Performlessness
A SERIES DEAD LIVE ACTS FOR QUEER MALE BODY:
1. Disappointment/Deviation
A series of gay male & techno-erotic archetypal images revisited, abstracted and deconstructed in a performance-video/installation context. Live and recorded images of cruising, stripping, club dancing, drug/alchohol consumption, head-shaving, waxing, washing, hard-talking. Text and images from queer space on the net projected from an MacBook laptop. An open-plan performance space, lit variably at times by candles, overhead lamps, torches and two-channel video projection. Microphones set up at intervals, on stands, on the floor. Accompanied by video loops and forensic descriptions of the ‘exquisite’ male body (unidentified).

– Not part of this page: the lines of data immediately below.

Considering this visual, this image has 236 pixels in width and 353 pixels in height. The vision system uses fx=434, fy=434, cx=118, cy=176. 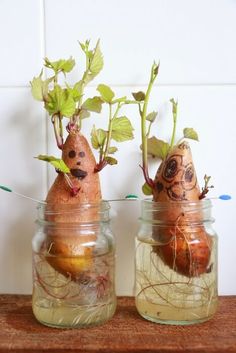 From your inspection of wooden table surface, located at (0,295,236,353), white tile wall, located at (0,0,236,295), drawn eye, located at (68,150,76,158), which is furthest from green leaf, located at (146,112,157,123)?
wooden table surface, located at (0,295,236,353)

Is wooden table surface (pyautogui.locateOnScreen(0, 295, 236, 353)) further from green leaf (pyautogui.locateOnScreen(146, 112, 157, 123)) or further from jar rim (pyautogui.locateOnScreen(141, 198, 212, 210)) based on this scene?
green leaf (pyautogui.locateOnScreen(146, 112, 157, 123))

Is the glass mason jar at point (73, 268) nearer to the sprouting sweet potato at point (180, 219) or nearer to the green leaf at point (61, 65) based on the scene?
the sprouting sweet potato at point (180, 219)

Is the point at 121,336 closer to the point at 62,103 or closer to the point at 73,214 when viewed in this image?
the point at 73,214

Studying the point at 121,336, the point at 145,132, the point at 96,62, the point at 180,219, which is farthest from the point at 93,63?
the point at 121,336

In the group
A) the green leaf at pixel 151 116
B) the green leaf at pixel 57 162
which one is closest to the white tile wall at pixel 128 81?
the green leaf at pixel 151 116

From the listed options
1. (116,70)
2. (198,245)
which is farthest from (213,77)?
(198,245)

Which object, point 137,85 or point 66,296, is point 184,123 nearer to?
point 137,85

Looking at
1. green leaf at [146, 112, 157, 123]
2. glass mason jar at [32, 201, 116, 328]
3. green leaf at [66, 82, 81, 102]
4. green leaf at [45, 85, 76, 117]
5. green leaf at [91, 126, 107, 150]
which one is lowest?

He ‘speaks’ to a male-body video-image (at times like addressing a stuttered computer web-cam persona), with words of decay, imminent death, the idolised body, the desire to have the body.
2. Demise
A homage to the contemporary gay male (unattainable) icon, (ie. film star idols like River Phoenix, Jude Law, Keanu Reeves…). Continuing on the thread of desire and romance, but with a stronger sense of idolisation, a subject found, the perfect boy, often too in a dead star (the James Dean litany). He begins by collecting ‘statements’, by moving into the audience asking about their recollections of certain ‘stars’, what (if anything) they mean to them personally, and, if they are dead, what they remember of their death. Does his image burn or resonate now? Allusions to the ‘straight male’ made icon. The ‘other’ body. The untouchable body. He ‘re-enacts’, very awkwardly, performatively (like a child trying to impress the relatives) the famous River Phoenix death scene (drug overdose) to a replay of audience statements. He ‘recovers’ (rises from the dead) and rattles a can, walking amongst the audience, in an effort to retrieve loose change (like the beggar character in ‘My Own Private Idaho’).
3. Drunk
He recites very personal texts of public and private encounters with men, known and unknown, the performance is charged by a sense of imminent seduction and anticipation. The warped and distorted sounds of romance burst out of the speakers. Male audience members are served wine. He shall desire one, in particular. He participates in a frenzied act of drinking, singing, falling, failing to communicate. He dies on stage.
4. Distance
He pursues the idea of remoteness and failing to connect to other queer guys over the internet, the unstable technology, the glitches of communication, all that image decay. There will be an online webcam performance, sent out on an antiquated 56k modem, to explore the time-lag and delay of image transference and frozen gesture, stuttered sounds and the placement of the body in a frame, unable to be touched. He will also be available for live chat and, possibly, live web-cam sex acts, on request. This is the realm of performance we are dealing with. It means everything and nothing. It speaks of a kind of innate loneliness, a sort of lived experience performed live for your viewing pleasure.
5. Drop-out
He performs the complexities of ‘drag’ in queer culture. The stigma of the ‘popular’ gay image. An exploration of ‘bagging’ the body of the queer drop-out. Dead, buried and outa sight.
6. Daddy
A text recital, with sound/noise ‘interuptions’, that play with and reconstruct the concept of ‘daddy’ in queer culture – as ambiguous, familial (often absent) figure, to the direct references to sado-masochism and leather men rituals. Accompanying the readings will be cut-up digital footage of dead and alive family super-8 and photographs.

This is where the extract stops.